This is a two part question. First I'm being tasked with the following:
Given $f(z)=\frac{e^{iz}}{z^2+2}$, show that the coefficients for the Taylor expansion with center 0 follow the recursive formula, $a_0=\frac{1}{2}$, $a_1=\frac{i}{2}$ and $a_k = \frac{1}{2}\left(\frac{i^k}{k!}-a_{k-2}\right)$ for $k>2$.
I have no trouble showing $a_0$ and $a_1$, however I have no idea how to show the $k$'th term. Differentiating seems to be an awful mess.
Next I should calculate the following integral:
$$I=\frac{1}{2\pi i}\int_{\partial K\left(\frac{1}{4},\frac{1}{2}\right)}\frac{e^{iz}}{(z^2+2)z^6}dz$$
I think the solution to this is to use Cauchy's integral formula for the $n$'th derivative and show that $a_5=I$. The reason I'm uncertain is because the ball is not centered around 0 but $\frac{1}{4}$. Does that pose a problem or it the solution ($I=a_5$) correct?

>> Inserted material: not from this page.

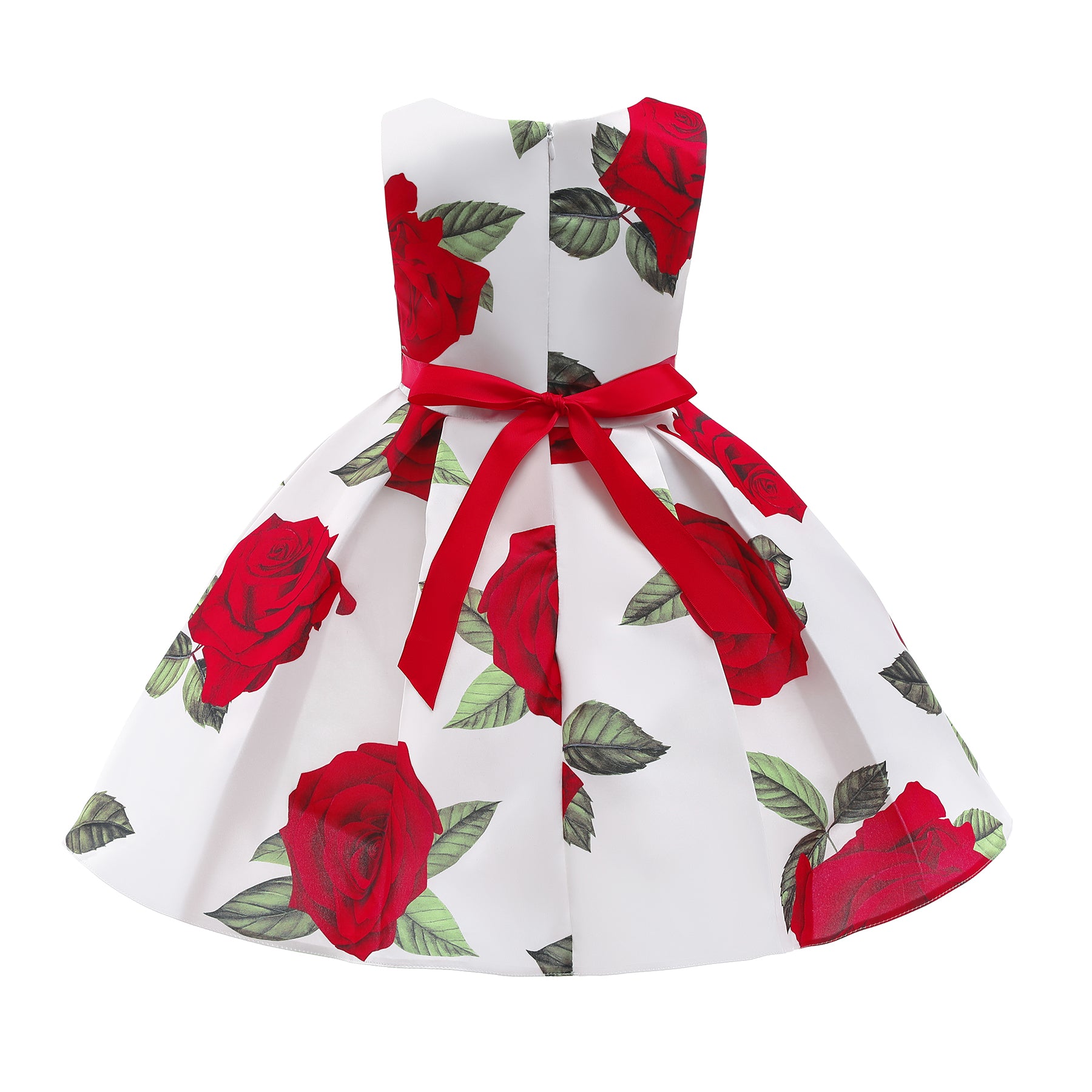 Girls Floral Printed Round Neck Sleeveless Tie Ups Details Fit & Flare Dress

If$$f(z)=a_0+a_1z+a_2z^2+a_3z^3+\cdots,$$then\begin{align}1+iz+\frac{i^2}{2!}z^2+\frac{i^3}{3!}z^3+\cdots&=e^{iz}\\&=(z^2+2)f(z)\\&=(z^2+2)\left(a_0+a_1z+a_2z^2+a_3z^3+\cdots\right)\\&=2a_0+2a_1z+(2a_2+a_0)z^2+(2a_3+a_1)z^3+\cdots\end{align}and from this equality you get that$$k\geqslant2\implies 2a_k+a_{k-2}=\frac{i^k}{k!}.$$
Concerning the rest of the problem, you just apply Cauchy's integral formula. The fact that the ball is not centered at $0$ is no relevant. What matters is that you are computing an integral over a loop around $0$.